Dealing with a Lack of Entropy on your OpenShift Cluster

Posted by Mark DeNeve on Wednesday, March 20, 2024

Introduction

The Linux Kernel supplies two sources of random numbers, /dev/random and /dev/urandom. Theses character devices can supply random numbers to any application running on your machine. The random numbers supplied by the kernel on these devices come from the Linux kernel’s random-number entropy pool. The random-number entropy pool contains “sufficiently random” numbers meaning they are good for use in things like secure communications. But what happens if the random-number entropy pool runs out of numbers? If you are reading from the /dev/random device, your application will block waiting for new numbers to be generated. Alternatively the urandom device is non-blocking, and will create random numbers on the fly, re-using some of the entropy in the pool. This can lead to numbers that are less random than required for some use cases.

What do we do if you have a need for high entropy random numbers, but your application(s) are using them up faster than they are generated? The rng-tools software can be used to re-fill the entropy pool, using environmental noise and hardware generators available in modern CPUs. The rng-tools package contains the rngd daemon utility to handle this. In traditional hosting platforms, you would run this tool as a systemd service or daemon, but what about in the land of Kubernetes and OpenShift?

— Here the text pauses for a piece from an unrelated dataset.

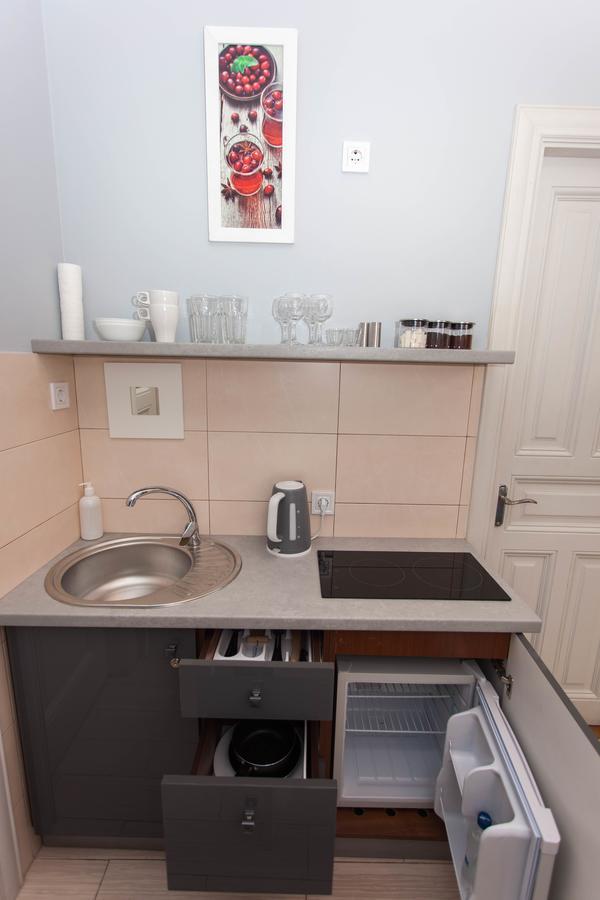 Snizhna 4 Apartamento Lviv Exterior foto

Since OpenShift does not allow us to install applications into the Red Hat CoreOS operating system, how do we get rngd running in our cluster? The quickest way to achieve this is using a Kubernetes Daemonset. This blog post will talk about how to container-ize the utility and get it running on all worker nodes in the cluster.

Kubernetes Daemonsets

So what are Kubernetes DaemonSets? DaemonSets ensure that all specified nodes run a copy of a Pod. As nodes are added to the cluster, Pods are added to them. As nodes are removed from the cluster, those Pods are garbage collected. Deleting a DaemonSet removes the running pods from all nodes. You can think of DaemonSets as a way to distribute a daemon to any node in a cluster that meets a given set of criteria. You can use nodeSelectors and node affinity to help define the selection of nodes you wish to run a DaemonSet on.

Source Code

The source code for the Dockerfile as well as the DaemonSet that we will deploy in this blog post can be found here: rng-daemonset.

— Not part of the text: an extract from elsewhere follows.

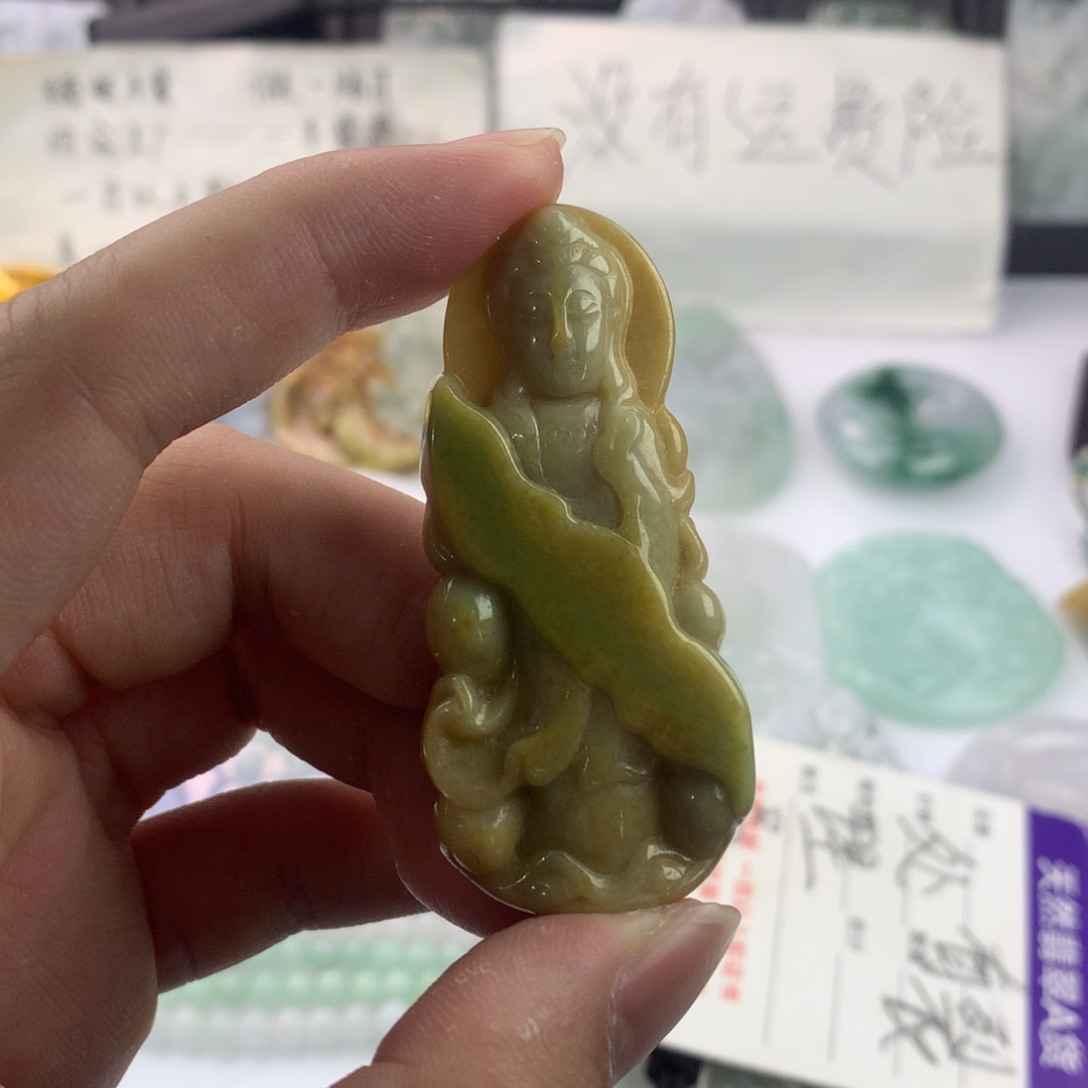 翡翠颈饰未镶嵌不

Build Container Image and push

The rng-tools package does not have a default Docker container image, so we will create one to use in our cluster. We will use the “fedora-minimal” image as a base for our container to keep the overall container image small. In order to build this container and deploy it, start by creating a Dockerfile with the following contents:

FROM fedora-minimal
RUN microdnf install -y rng-tools && microdnf clean all
CMD exec /bin/bash -c "trap : TERM INT; sleep infinity & wait"

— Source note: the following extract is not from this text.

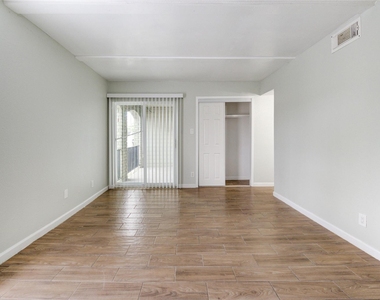 6200 W Tidwell Road - Photo Thumbnail 12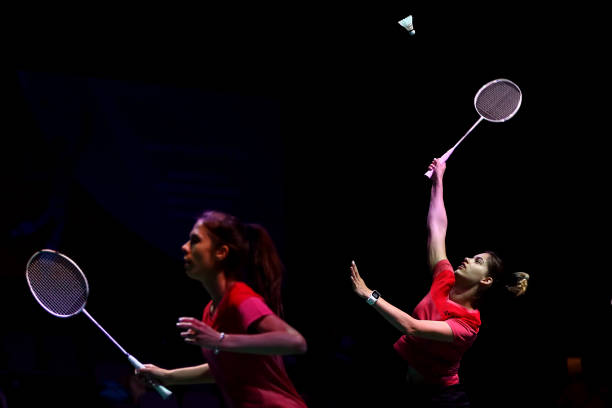 羽毛球界内界外怎么判？高清慢动作解析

Use the included Dockerfile to generate a container image with the rng-tools installed, making sure to update <my registry> with a registry that you wish to use, and that your OpenShift cluster trusts for deployment. See Configuring the Registry Operator if you need additional guidance on this.

$ podman build -t <my registry>/rng-tools:latest .
# push the created image to your registry
$ podman push <my registry>/rng-tools:latest

Preparing the rngd-daemonset.yml file

Next we will create a rng-daemonset.yaml file. Create a new file using the following contents:

apiVersion: apps/v1
kind: DaemonSet
metadata:
  name: rng-daemon
  labels:
    k8s-app: rng-daemon
spec:
  selector:
    matchLabels:
      name: rng-daemon
  template:
    metadata:
      labels:
        name: rng-daemon
    spec:
      containers:
        - name: rngutils
          image: registry.xphyrlab.net/rng-tools/rng-tools:latest
          command: ["/sbin/rngd"]
          args: ["-xjitter", "-xhwrng", "-xpkcs11", "-xrtlsdr", "-f"]
          resources: {}
          terminationMessagePath: /dev/termination-log
          terminationMessagePolicy: File
          imagePullPolicy: Always
          securityContext:
            runAsUser: 0
            capabilities:
              add: ["CAP_SYS_ADMIN"]
      restartPolicy: Always
      terminationGracePeriodSeconds: 30
      dnsPolicy: ClusterFirst
      schedulerName: default-scheduler
  strategy:
    type: RollingUpdate
    rollingUpdate:
      maxUnavailable: 25%
      maxSurge: 25%
  revisionHistoryLimit: 10
  progressDeadlineSeconds: 600

Be sure to edit the spec.template.spec.container.image value to point to your image and image registry that you created in the previous step Build Container Image and push.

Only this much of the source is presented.